EOS has become well-known for freezing compromised user accounts, a practice that prevents attackers from making off with funds. However, the procedure hit a snag on Friday when an EOS block producer didn’t keep up with the latest update, causing one account holder to lose $9 million.
According to EOSGO, a new block producer called games.eos failed to update its blacklist. This prevented an at-risk account from being frozen, and attackers were then able to withdraw 2.1 million EOS. Block producers are now searching for a solution, while Huobi has stepped in to help.
Huobi Freezes Funds
Fortunately, the stolen money may not be lost: Huobi has managed to freeze some of the stolen EOS. The exchange has announced that it detected funds moving out of the blacklisted EOS accounts and onto its own exchange. Huobi quickly froze those accounts, mitigating the problem, at least partially.
Of course, it is possible that the attacker did not transfer all of the stolen funds to Huobi. However, if that is the case, other exchanges may decide to freeze the funds as well. Although no other exchanges have commented, these freezes are fairly common during large attacks and thefts.

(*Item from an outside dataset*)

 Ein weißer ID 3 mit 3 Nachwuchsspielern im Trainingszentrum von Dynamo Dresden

Incidentally, Huobi has other ties to EOS. The exchange has been accused of colluding with block producers, while Huobi Pool has served as the top-voted EOS block producer for some time now. However, these facts are not clearly related to Huobi’s decision to freeze funds, which took place on its own exchange.
Searching For a Solution
Meanwhile, EOS block producers have been searching for a solution. The central issue is that, in order to successfully freeze an account, all 21 block producers must participate in the blacklisting process. This is why games.eos was unilaterally able to prevent the account freeze from occurring.

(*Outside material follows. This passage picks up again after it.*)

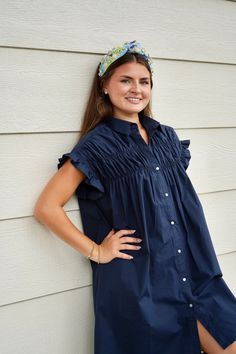 This Gathered Shirt Dress in Navy is all about playful, flirty style. The pointed collar and front button closure elevate the classic shirt dress silhouette. Elasticated ruffled armholes add a touch of whimsy, while the bust gathers create a flattering fit. Perfect for a fun day out (and maybe a twirl or two)! Length : 91cm for Size Small Flirty Style, Timor Leste, Fun Day, Dress Silhouette, Navy Blue Dresses, Guinea Bissau, Mozambique, Classic Shirt, Trinidad And Tobago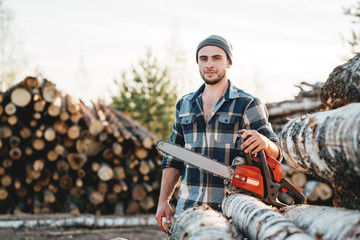 Wall Mural - Bearded strong lumberjack wearing plaid shirt hold in hand chainsaw for work on sawmill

Some block producers have proposed that, as an interim solution, the keys for blacklisted accounts should be “nulled.” Although this would be almost identical to the current blacklisting process, nulling would only require consensus from 15 out of 21 block producers. Consensus is still pending as of today.
EOS42 has urged block producers to reach a decision soon in order to prevent future incidents. In fact, similar incidents have occurred in the past: last June, a block producer called EOSStore failed to update its blacklist. That incident allowed $35,000 of stolen EOS to reach an exchange.

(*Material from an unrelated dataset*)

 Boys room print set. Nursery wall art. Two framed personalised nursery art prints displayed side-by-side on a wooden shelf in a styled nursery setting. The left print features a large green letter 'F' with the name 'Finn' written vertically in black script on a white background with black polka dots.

Needless to say, this is not a good situation, and criticism is coming from several directions. Some are suspicious of games.eos itself. The block producer was elected very suddenly and is still on standby, despite its demonstrated lack of ability. Some have speculated that collusion rather than fair voting allowed this to happen. One Redditor writes:
“This news should see this BP punished by removal of votes, that this is unlikely to happen is EOS’s #1 issue. Accusations of cartels have merit and what impact REX [resource renting] will have remains to be seen.”
Meanwhile, some are critical of the freezing process itself. EOS is one of the few blockchain platforms that has the capacity to freeze user funds, and past account freezes have caused massive amounts of controversy. Even if this situation is resolved successfully, it is unlikely to reflect well on EOS, and the incident could break the coin’s recent price surge.